Der BGH bestätigt die Abschaffung der Störerhaftung. Wirklich?
Mit Urteil vom heutigen 26.07.2018 (Az.: I ZR 64/17 – Dead Island) hat der BGH entschieden, dass der Betreiber eines Tor-Exit-Nodes nach der seit dem 13. Oktober 2017 geltenden Neufassung des § 8 Abs. 1 Satz 2 des Telemediengesetzes (TMG) zwar nicht mehr als Störer für von Dritten über seinen Internetanschluss im Wege des Filesharings begangene Urheberrechtsverletzungen auf Unterlassung haftet, aber stattdessen ein Sperranspruch des Rechtsinhabers gemäß § 7 Abs. 4 TMG nF in Betracht kommt.
Nach der Neufassung von § 8 Abs. 1 S. 2 TMG können Access-Provider grundsätzlich nicht mehr auf Unterlassung in Anspruch genommen werden, allerdings kann nach § 7 Abs. 4 TMG vom Zugangsprovider eine Sperrung verlangt werden, sofern es um die Verletzung von Rechten am geistigen Eigentum geht, wenn für den Rechtsinhaber keine andere Abhilfemöglichkeit besteht und die Sperrung zumutbar und verhältnismäßig ist.

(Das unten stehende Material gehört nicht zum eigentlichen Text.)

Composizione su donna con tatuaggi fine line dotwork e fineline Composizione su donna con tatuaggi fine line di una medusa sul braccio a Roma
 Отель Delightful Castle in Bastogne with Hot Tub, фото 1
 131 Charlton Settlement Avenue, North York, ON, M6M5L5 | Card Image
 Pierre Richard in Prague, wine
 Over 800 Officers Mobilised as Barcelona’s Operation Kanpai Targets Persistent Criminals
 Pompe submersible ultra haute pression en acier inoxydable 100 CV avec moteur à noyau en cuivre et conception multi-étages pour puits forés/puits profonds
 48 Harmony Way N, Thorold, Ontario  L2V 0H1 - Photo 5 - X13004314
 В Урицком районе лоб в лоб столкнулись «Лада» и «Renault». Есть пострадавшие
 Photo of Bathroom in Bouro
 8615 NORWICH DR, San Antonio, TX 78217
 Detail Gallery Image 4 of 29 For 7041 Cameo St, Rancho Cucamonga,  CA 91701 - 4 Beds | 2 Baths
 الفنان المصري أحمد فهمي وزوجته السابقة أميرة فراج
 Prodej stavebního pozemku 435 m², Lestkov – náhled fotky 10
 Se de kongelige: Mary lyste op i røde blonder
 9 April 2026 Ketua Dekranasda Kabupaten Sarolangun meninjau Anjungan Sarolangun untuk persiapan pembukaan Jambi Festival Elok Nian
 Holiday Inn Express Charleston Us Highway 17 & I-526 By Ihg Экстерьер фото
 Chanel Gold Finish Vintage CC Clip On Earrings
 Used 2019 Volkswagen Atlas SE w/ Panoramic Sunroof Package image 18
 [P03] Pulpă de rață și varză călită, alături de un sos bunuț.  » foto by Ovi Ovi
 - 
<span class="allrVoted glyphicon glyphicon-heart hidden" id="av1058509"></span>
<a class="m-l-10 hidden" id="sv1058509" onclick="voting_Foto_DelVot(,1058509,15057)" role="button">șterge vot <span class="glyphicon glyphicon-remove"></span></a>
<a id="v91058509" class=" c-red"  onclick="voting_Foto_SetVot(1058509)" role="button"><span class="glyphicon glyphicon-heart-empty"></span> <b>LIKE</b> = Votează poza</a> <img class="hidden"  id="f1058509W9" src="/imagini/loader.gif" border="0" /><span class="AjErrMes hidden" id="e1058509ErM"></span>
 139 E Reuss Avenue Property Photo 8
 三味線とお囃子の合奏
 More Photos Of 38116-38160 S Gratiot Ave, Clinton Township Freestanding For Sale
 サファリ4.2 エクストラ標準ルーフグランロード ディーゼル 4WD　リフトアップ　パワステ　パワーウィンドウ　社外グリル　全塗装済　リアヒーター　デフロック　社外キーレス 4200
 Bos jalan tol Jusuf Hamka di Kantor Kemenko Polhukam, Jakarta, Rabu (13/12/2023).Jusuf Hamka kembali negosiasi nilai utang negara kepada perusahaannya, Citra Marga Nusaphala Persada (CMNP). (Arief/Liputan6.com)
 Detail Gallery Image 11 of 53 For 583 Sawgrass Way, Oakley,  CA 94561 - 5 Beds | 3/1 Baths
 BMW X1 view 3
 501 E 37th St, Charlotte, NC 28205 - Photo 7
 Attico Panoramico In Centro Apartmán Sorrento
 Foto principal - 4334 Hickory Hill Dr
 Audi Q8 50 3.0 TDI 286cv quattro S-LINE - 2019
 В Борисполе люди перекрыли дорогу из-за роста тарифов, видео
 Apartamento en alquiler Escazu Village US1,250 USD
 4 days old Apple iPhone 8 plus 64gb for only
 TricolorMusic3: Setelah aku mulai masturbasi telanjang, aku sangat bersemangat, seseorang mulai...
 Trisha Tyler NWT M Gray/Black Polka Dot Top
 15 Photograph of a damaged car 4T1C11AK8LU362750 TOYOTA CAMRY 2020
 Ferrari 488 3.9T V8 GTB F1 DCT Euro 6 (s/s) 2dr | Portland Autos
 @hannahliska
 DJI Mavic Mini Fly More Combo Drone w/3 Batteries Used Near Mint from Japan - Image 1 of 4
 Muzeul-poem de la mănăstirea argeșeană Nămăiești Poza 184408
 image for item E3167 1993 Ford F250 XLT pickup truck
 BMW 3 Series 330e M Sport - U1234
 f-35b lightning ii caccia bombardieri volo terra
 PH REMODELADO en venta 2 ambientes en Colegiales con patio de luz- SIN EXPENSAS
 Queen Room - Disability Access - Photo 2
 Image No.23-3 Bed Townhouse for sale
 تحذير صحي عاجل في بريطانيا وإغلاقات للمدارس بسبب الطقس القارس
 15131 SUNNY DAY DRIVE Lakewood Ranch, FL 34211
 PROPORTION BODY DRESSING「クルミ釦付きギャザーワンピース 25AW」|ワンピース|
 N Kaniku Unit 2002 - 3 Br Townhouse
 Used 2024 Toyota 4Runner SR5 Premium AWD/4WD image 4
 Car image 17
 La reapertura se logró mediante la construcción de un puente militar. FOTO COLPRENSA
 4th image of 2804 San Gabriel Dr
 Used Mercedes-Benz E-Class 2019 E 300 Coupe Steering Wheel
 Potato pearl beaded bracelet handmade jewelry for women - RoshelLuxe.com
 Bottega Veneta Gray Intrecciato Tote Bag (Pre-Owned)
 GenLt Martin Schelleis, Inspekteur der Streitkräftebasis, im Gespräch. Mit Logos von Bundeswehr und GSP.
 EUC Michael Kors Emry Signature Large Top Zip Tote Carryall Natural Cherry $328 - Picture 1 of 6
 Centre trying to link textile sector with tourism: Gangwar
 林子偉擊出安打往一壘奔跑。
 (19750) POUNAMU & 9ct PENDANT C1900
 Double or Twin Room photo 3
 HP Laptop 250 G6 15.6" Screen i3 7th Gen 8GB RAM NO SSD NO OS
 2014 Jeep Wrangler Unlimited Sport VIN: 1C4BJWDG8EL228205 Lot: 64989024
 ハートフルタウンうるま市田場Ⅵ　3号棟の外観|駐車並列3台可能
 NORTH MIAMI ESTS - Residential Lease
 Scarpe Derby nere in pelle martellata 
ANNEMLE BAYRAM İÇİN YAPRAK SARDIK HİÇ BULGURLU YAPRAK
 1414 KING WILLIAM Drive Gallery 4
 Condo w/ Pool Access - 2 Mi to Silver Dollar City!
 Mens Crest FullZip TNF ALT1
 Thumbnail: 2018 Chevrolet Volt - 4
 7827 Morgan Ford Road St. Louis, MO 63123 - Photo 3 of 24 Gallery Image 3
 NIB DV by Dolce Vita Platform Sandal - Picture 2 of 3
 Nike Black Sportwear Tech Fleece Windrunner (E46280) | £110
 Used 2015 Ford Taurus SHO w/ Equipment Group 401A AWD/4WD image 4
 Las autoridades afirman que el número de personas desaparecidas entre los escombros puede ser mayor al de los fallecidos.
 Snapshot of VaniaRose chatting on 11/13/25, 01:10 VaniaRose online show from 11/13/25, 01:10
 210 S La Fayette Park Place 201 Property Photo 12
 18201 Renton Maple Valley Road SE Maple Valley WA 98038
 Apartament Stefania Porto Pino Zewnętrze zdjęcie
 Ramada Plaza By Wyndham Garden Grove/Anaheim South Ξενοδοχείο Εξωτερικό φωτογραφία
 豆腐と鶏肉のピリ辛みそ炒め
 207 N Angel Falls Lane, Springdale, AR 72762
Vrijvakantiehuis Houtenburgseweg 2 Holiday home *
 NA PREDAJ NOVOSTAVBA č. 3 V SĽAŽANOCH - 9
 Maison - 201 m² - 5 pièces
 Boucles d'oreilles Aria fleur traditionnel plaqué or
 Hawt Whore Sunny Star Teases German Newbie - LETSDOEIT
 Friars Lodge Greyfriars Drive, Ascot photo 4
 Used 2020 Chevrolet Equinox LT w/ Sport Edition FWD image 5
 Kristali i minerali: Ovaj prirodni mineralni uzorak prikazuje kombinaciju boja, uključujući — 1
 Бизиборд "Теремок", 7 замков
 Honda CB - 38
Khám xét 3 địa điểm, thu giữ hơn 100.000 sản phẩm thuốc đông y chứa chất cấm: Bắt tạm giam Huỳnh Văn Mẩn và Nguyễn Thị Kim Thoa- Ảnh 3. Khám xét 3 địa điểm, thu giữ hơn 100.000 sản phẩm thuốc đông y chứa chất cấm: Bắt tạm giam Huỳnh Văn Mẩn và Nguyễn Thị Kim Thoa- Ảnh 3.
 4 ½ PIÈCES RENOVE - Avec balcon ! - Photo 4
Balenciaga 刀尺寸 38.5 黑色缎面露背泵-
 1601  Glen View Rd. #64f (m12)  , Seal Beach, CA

Der BGH hält die gesetzliche Neuregelung des TMG auch für europarechtskonform, weil das EU-Recht keine Unterlassung verlangt, sondern nur, dass zugunsten der Rechtsinhaber die Möglichkeit gerichtlicher Anordnungen gegen Vermittler, deren Dienste von einem Dritten zur Verletzung eines Urheberrechts oder verwandter Schutzrechte genutzt werden, besteht. Dafür genügt eine gesetzliche Sperr- bzw. Beseitigungspflicht, eine in die Zukunft gerichtete Pflicht, künftige Verstöße zu unterlassen, ist nicht erforderlich.
Die Entscheidung wurde heute in weiten Teilen der Medien positiv aufgenommen, man liest immer wieder von der Abschaffung der Störerhaftung. Hierbei handelt es sich leider um nichts anderes als eine Schimäre. Der deutsche Gesetzgeber hat die Störerhaftung keineswegs abgeschafft, sondern ganz im Gegenteil mit § 7 Abs. 4 TMG versucht, die Störerhaftung gesetzlich zu kodifizieren und damit gleichzeitig die auf die E-Commerce-Richtlinie (ECRL) zurückgehende Systematik des TMG gesprengt. Denn ECRL und TMG haben ursprünglich nur eine bestehende Haftung beschränkt, während § 7 Abs. 4 TMG haftungsbegründend wirkt und damit ein Novum und einen Fremdkörper innerhalb der Systematik des TMG darstellt. Auch der BGH hat nichts abgeschafft – er ist schließlich auch nicht der Gesetzgeber – sondern hat nur versucht, das Gesetz anzuwenden. Mit seiner alten Störerdogmatik wäre der I. Zivilsenat vermutlich zu keinem anderen Ergebnis gelangt, denn vollumfängliche Unterlassungsansprüche gegen Access-Provider entsprachen auch bislang nicht der Rechtsprechung des BGH während der BGH Netzsperren unlängst ohnehin schon bejaht hatte, bedingt durch eine entsprechende Rechtsprechung des EuGH. Dieses Urteil des BGH bringt bei Lichte betrachtet also keine Neuerungen. Sie verfestigt bestenfalls eine Entwicklung, die ohne die Änderung des TMG ähnlich verlaufen wäre.
Die Störerhaftung existiert weiterhin, sie ist lediglich in dem schmalen Bereich der urheberrechtlichen Ansprüche gegen Telemedienanbieter nunmehr gesetzlich kodifiziert worden.
Da hilft dann wohl nur via VPN nach außerhalb Deutschlands zu vermitteln, wo die lokalen Gesetzgeber wohl eine liberalere aber gleichwohl EU verträgliche Regelung gefunden haben.
Comment by mw — 27.07, 2018 @ 07:48
Ich frage mich, wie die Umsetzung von Sperren technisch gehen soll, wenn der Zugangs-Access Point das gar nicht kann. Wenn ich also zB in meiner Fritzbox einen offenen Gastzugang aufmache, könnte ich keine Sperren konfigurieren, denn dafür bietet die Box schlicht keine Möglichkeit. Und den DNS holt sie sich vom Provider.